第8話 慈聖殿の主人

 宝余がうつらうつらしていると、やがて鳥の声が聞こえ始めた。やがて帳の向こう側に人影が立ち、無言でこちらの寝息をうかがっているかのようだ。

 ――お帰りなのかしら。

 一晩中、どこに行っていたかもわからぬが、王は宝余に一指も触れずに初夜を過ごしたことになる。また一つ、帳の向こうに人影が立ち、今度は宝余に向かって起床を呼びかけてきた。

「長旅と婚儀でお疲れでしょうが…」

 ――そうだ。

 今日は朝餉の前に、後宮の東側にある太妃殿――国君の母上のもとへ、王妃がはじめて伺候することになっていた。宝余は鴛鴦えんおうの縫い取りがされたふすまから滑り出て、帳をかき分けて立った。

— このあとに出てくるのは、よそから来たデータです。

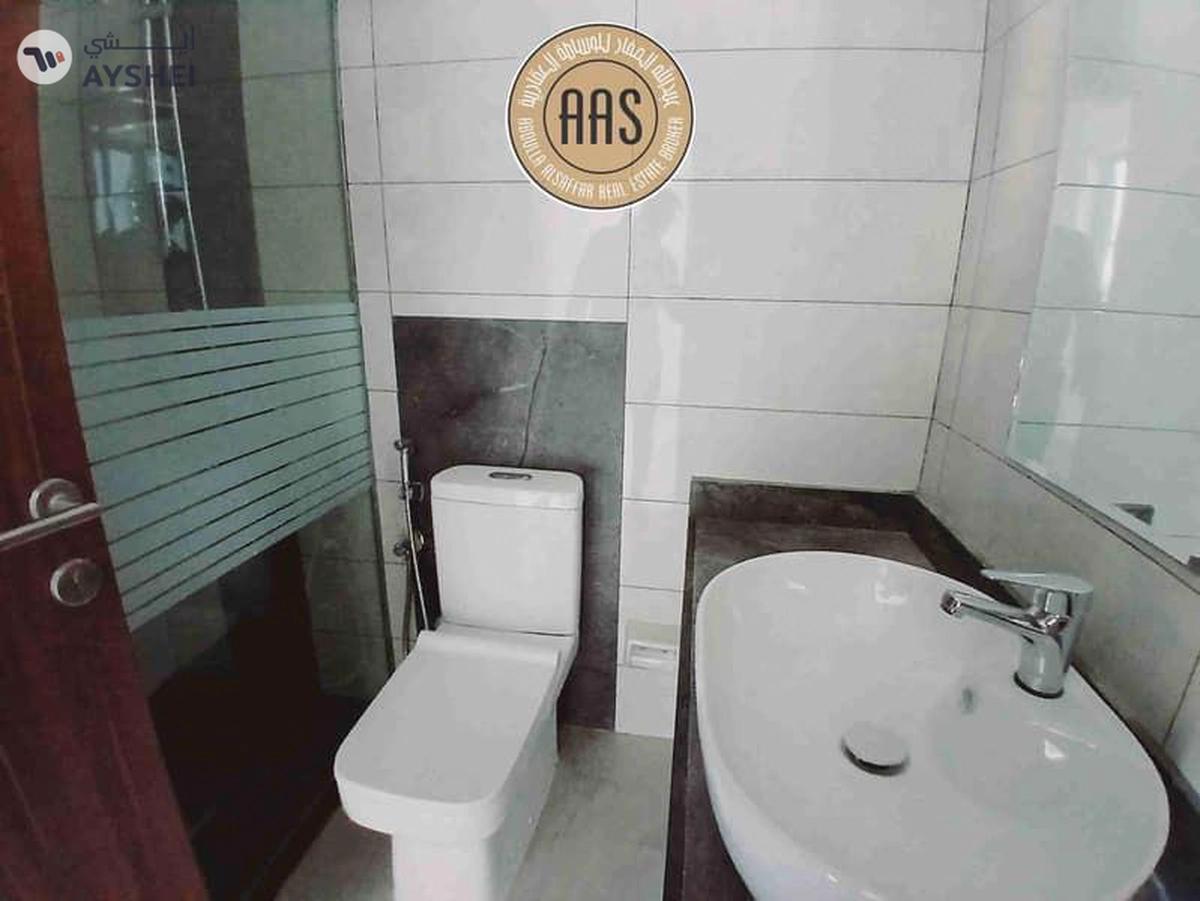 Boulevard Facing 2BR Brand New!! All Amenities-13-13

 そこには昨日の女官長と、他の女官とは異なる雰囲気を持つ二十歳過ぎの副女官長、いくたりかの女官が着替えと洗面用具を捧げて侍っていた。


 ――あの方はどこに行かれたのかしら。


 宝余は、初夜の契りも済ませぬまま王妃として扱われることに戸惑いを覚えつつも、女官達の手を借り薄く化粧を顔に施し、衣装を身にまとう。朝の茶を喫したところで、ようやく夫が現れた。すでに着替えを済ませたらしく、平静さを崩さぬ国君からどのような言葉が発せられるのか、宝余はその須臾しゅゆの間が数刻にも感じられた。

「昨夜はよく眠れたか」

「大旗のおかげをもちまして」

 本当は、昨夜はほぼ寝られず、明け方にまどろんだだけである。しかし国君はそれを聞くと冷たい表情をわずかにやわらげ、先頭に立って歩きはじめた。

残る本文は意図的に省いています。